# Speichern des Programmes in Wago 750-881



## shrek23 (21 Juli 2012)

Hallo,

ich habe folgende Frage:
Ist es möglich das komplette Programm ( kleiner interner Speicher ) in den Controller zu schreiben.
Hintergrund - Ich möchte das Programm auslesen können ohne es offline auf meinem PG zu besitzen.

Im Codesys gibt es die Möglichkeit " Datei in Steuerung schreiben " . Leider ohne gewünschte Funktion.

Vieleicht hat jemand von Euch einen Tipp !

Danke im Voraus !!


----------



## gravieren (21 Juli 2012)

Hi

Ich verstehe nicht was du meinst.

Tip:   
Der 750-880 hätte eine SD-Card mit bis zu 8 GB Speicher.
Hiermit ist es möglich beim "Starten des Controllers" einen bestimmten Programmteil in den Controller zu schreiben und starten.

Also z.b.    Programm-Update --> Programm zum Kunden senden --> Kunde schreibt es auf die SD-Karte --> Reinstecken in den SD-Slot des 750-880  --> Aus/Einschalten -->O.K.


Gruß Karl


----------



## shrek23 (22 Juli 2012)

Hallo Karl,

vielen Dank für deine Antwort.
Ich habe meine Frage wohl nicht ausreichend formuliert.

Ich möchte ein *Komplettes Programm* auf den internen Speicher des Controllers übertragen.
Danach soll es möglich sein das Programm vom Controller *wieder herunterzuladen um es zu bearbeiten.*
Der 750-881 hat keine Speicherkarte sondern nur den internen Speicher ( welcher aber für kleine Programme ausreichen sollte )

Beispiel:

Ich schreibe ein Programm in den Controller. ( Dieses befindet sich zusätzlich auf meinem PG )
Nun bekommt den Controller eine zweite Person.
Diese soll die Möglichkeit haben das gesamte Programm aus dem Controller auf Ihr PG zu laden.
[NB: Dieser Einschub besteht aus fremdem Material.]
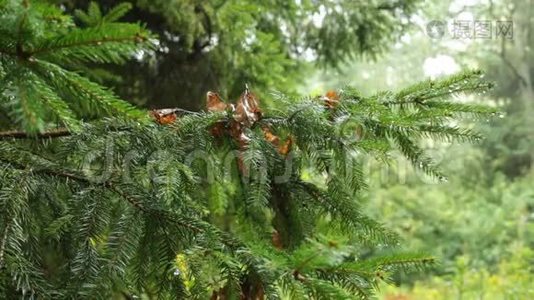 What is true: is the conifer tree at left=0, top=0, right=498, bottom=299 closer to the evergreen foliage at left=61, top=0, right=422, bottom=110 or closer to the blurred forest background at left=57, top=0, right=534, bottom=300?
the blurred forest background at left=57, top=0, right=534, bottom=300

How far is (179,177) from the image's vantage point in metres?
1.18

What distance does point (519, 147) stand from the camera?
13.5 meters

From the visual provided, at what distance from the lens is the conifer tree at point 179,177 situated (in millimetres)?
908

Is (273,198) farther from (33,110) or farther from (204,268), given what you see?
(33,110)

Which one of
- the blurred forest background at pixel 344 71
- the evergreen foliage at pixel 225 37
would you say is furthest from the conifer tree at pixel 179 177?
the evergreen foliage at pixel 225 37

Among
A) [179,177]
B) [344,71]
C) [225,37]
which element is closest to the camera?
[179,177]

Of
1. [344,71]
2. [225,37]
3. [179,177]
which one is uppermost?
[344,71]

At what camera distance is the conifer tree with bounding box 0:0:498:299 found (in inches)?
35.8

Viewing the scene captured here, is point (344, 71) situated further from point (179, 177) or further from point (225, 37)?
point (179, 177)

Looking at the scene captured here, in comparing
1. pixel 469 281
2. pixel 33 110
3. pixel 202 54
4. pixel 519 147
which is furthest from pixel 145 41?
pixel 519 147

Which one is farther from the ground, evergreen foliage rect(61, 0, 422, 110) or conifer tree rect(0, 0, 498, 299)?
evergreen foliage rect(61, 0, 422, 110)

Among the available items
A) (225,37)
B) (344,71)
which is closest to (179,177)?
(225,37)

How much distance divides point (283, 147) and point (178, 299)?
41 centimetres

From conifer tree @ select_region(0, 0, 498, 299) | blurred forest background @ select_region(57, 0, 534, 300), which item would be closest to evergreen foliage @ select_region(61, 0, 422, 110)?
blurred forest background @ select_region(57, 0, 534, 300) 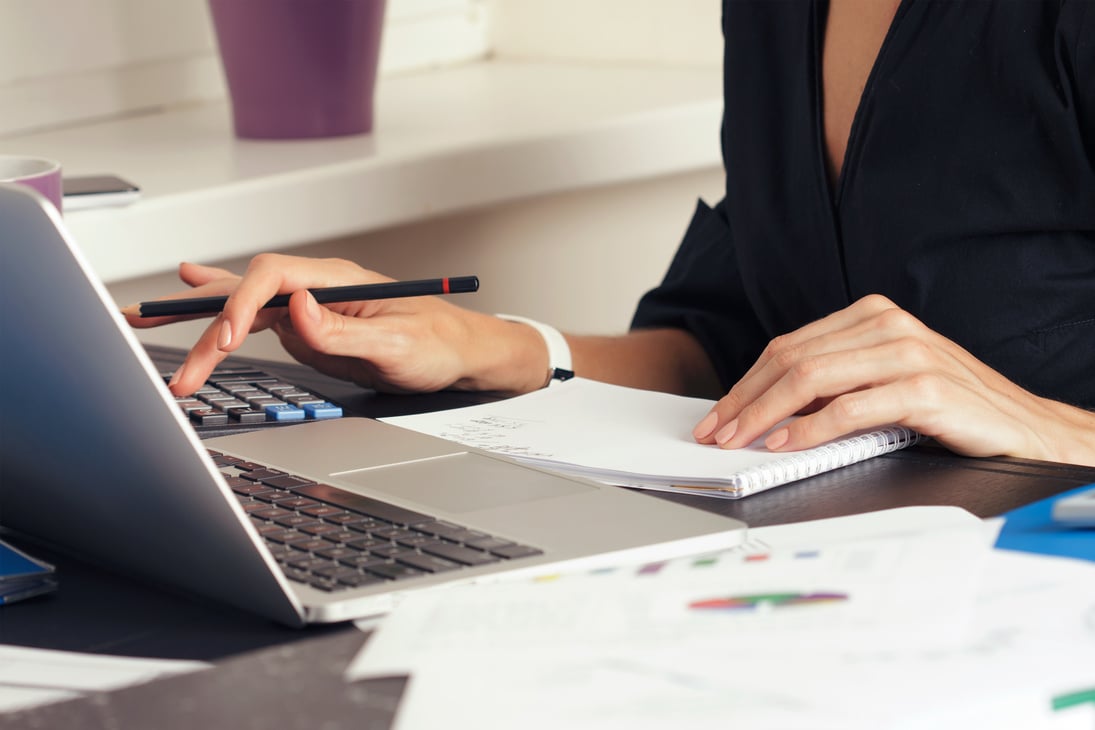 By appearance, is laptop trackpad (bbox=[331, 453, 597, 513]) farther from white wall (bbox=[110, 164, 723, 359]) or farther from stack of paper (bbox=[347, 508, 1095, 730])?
white wall (bbox=[110, 164, 723, 359])

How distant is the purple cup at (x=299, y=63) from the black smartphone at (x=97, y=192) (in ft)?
0.86

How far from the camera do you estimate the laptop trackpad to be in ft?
1.97

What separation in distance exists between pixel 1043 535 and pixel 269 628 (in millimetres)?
267

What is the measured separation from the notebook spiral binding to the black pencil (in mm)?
230

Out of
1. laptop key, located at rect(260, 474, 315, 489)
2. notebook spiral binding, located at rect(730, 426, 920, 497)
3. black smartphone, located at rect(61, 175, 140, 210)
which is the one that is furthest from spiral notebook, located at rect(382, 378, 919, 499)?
black smartphone, located at rect(61, 175, 140, 210)

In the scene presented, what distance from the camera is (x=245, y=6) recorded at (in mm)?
1438

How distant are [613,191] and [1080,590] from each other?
135cm

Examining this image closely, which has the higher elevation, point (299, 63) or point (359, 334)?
point (299, 63)

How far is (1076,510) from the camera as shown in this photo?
20.3 inches

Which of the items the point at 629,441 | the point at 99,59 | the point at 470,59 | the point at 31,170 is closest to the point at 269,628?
the point at 629,441

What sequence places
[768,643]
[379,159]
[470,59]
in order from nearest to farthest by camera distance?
[768,643] < [379,159] < [470,59]

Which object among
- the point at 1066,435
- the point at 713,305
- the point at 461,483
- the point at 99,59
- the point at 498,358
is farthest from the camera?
the point at 99,59

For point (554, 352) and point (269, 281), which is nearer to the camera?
point (269, 281)

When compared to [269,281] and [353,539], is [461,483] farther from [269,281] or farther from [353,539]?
[269,281] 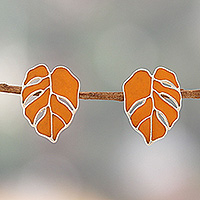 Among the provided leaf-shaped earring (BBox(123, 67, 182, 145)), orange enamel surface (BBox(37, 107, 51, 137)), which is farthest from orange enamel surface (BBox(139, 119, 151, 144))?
orange enamel surface (BBox(37, 107, 51, 137))

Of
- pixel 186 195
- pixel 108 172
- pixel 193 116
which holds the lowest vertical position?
pixel 186 195

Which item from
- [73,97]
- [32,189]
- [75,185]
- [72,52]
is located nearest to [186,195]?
[75,185]

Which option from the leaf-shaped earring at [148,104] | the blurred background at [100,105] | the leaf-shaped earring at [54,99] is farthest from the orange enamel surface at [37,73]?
the blurred background at [100,105]

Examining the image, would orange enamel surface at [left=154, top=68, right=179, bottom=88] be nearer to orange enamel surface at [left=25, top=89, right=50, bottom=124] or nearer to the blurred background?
orange enamel surface at [left=25, top=89, right=50, bottom=124]

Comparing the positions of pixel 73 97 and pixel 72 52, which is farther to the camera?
pixel 72 52

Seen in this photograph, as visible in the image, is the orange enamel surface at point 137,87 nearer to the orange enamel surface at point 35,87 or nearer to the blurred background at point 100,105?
the orange enamel surface at point 35,87

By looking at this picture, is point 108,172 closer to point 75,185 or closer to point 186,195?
point 75,185

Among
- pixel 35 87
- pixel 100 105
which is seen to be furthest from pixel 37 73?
pixel 100 105

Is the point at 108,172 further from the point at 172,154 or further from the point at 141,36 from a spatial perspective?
the point at 141,36

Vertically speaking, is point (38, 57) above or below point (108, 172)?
above
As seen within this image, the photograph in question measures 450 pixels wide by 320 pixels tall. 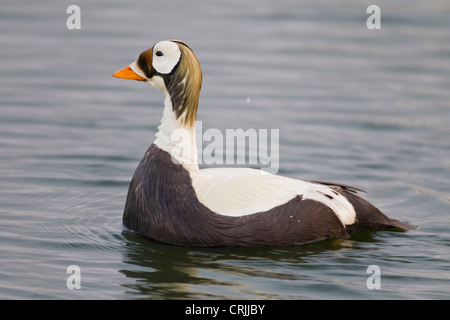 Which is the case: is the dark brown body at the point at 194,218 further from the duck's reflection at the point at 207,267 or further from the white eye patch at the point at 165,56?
the white eye patch at the point at 165,56

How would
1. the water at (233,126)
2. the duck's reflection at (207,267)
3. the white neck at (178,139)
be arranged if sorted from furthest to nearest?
the white neck at (178,139)
the water at (233,126)
the duck's reflection at (207,267)

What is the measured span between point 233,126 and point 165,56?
13.7 ft

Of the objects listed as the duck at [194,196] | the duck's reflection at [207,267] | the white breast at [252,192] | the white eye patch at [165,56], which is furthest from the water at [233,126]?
the white eye patch at [165,56]

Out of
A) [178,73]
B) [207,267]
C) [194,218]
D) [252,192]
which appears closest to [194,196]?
[194,218]

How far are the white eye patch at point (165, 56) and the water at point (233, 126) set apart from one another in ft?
5.17

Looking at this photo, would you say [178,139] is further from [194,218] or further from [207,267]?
[207,267]

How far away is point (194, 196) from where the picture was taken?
8.10 meters

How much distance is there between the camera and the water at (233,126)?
305 inches

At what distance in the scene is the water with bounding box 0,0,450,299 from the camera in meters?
7.75

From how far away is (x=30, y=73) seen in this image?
14.2 metres

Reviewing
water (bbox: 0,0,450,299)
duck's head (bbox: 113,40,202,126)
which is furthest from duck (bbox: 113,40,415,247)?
water (bbox: 0,0,450,299)

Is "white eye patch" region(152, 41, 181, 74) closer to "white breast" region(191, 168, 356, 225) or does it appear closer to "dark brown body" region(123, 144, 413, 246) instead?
"dark brown body" region(123, 144, 413, 246)

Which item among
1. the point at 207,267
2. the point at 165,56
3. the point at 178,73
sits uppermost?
the point at 165,56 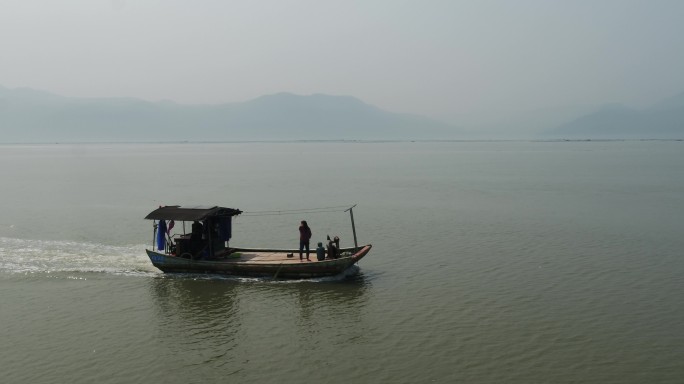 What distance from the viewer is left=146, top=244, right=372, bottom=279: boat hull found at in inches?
923

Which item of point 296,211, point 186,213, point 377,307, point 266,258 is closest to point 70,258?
Answer: point 186,213

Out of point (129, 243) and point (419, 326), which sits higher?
point (129, 243)

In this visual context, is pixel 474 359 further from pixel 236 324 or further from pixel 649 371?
pixel 236 324

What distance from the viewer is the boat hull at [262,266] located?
23.4 metres

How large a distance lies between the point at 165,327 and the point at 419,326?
8.24 metres

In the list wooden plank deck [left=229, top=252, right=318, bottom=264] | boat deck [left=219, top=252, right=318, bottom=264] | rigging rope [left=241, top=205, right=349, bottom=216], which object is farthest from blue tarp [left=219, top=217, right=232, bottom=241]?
rigging rope [left=241, top=205, right=349, bottom=216]

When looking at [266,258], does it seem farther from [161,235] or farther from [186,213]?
[161,235]

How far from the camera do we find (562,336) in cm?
1719

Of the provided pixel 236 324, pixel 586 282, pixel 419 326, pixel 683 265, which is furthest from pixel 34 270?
pixel 683 265

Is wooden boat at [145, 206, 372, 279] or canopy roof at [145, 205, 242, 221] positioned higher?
canopy roof at [145, 205, 242, 221]

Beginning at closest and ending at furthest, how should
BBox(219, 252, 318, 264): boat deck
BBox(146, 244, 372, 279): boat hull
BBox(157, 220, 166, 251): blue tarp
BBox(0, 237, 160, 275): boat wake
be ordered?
BBox(146, 244, 372, 279): boat hull < BBox(219, 252, 318, 264): boat deck < BBox(0, 237, 160, 275): boat wake < BBox(157, 220, 166, 251): blue tarp

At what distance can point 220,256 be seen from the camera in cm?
2544

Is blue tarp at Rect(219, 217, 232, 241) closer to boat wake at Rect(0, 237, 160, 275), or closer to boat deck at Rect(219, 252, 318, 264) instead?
boat deck at Rect(219, 252, 318, 264)

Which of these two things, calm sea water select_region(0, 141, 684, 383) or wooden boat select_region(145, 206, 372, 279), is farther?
wooden boat select_region(145, 206, 372, 279) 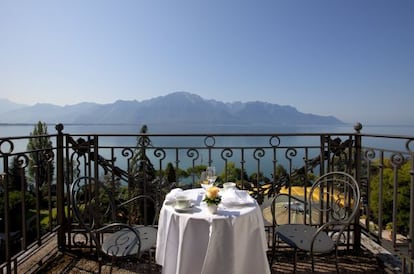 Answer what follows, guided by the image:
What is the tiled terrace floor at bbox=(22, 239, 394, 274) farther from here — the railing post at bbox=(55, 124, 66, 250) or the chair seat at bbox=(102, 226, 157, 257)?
the chair seat at bbox=(102, 226, 157, 257)

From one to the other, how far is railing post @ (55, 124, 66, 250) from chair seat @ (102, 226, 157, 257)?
1.17 m

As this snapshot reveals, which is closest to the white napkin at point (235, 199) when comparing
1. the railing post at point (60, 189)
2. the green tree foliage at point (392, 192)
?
the railing post at point (60, 189)

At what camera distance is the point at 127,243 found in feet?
6.77

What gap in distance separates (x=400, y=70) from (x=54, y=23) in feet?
86.3

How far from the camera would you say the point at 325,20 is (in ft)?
29.8

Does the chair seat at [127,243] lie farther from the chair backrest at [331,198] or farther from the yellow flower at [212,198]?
the chair backrest at [331,198]

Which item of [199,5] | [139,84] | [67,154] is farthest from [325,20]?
[139,84]

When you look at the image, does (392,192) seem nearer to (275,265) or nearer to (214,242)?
(275,265)

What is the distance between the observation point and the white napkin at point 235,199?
1793 mm

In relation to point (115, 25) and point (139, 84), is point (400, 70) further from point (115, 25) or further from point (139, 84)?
point (115, 25)

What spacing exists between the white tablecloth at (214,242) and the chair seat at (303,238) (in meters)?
0.43

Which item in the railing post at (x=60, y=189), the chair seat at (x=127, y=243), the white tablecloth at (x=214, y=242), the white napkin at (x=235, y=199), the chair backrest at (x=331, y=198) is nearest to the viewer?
the white tablecloth at (x=214, y=242)

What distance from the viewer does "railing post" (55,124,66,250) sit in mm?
2857

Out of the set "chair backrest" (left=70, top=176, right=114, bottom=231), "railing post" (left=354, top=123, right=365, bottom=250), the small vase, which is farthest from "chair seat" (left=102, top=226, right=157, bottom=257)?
"railing post" (left=354, top=123, right=365, bottom=250)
Ich hoffe ich habe mich jetzt deutlicher ausgedrückt.

MfG
Mikey


----------



## Markus Rupp (22 Juli 2012)

Lade die komplette Projektierung doch auf den WebServer (FTP). Dieser sollte nach meinem Wissen Null-Spannungssicher sein. So machen es einige bekannte von mir


----------



## gravieren (22 Juli 2012)

Hi


Rupp schrieb:


> Lade die komplette Projektierung doch auf den WebServer (FTP). Dieser sollte nach meinem Wissen Null-Spannungssicher sein. So machen es einige bekannte von mir


Das wäre deine Lösung.
Also gib in deinem Browser ein:     

ftp:\\192.168.1.1      (Hier sollte die IP deine Controllers stehen)
Name: admin     Kennwort:  wago

Wenn die den IE hast --> Ansicht --> als ftp.

Fertig.


Gruß Karl


----------



## gravieren (22 Juli 2012)

Hi

Es wäre eine Überlegung wert, auf einen 750-880 zu wechseln.

Nahezu identischer Preis.
Identische Kenndaten + SD-Slot.

(Dann wäre dein Programm z.b. auf der SD-Karte und zusätzlich etliche Handbücher, Listen, Beschreibungen bis etwa 8GB)

Gruß Karl


----------



## shrek23 (22 Juli 2012)

Hallo Karl, Rupp

vielen Dank für den Tipp.
Über FTP kann ich das Programm wieder herunterladen.
Die Überlegung mit dem 750-880 ist für meine nächste Anwendung gut.
Das ablegen aller Daten auf die SD ist Sinvoll.

Danke für die schnelle Hilfe

MfG
Mikey


----------



## Benjamin-K (23 Juli 2012)

Es gibt außerdem die Möglichkeit, den Quellcode in den Controller zu laden. Damit ist es dann möglich das Projekt zurück zu laden. Schau mal in den Optionen bei " Sourcedownload "

Gruß

Benjamin


----------



## Senator42 (25 Juli 2012)

Stimmt !


> Es gibt außerdem die Möglichkeit, den Quellcode in den Controller zu laden


gibt es. Haben wir auch schon mal gemacht.
Ist aber schon länger als meine exakte Erinnerung her.


----------



## pdq (1 September 2012)

/offtopic
@Senator
http://www.quotationspage.com/quote/26159.html

Habe das schon öfter gelesen
offtopic/


----------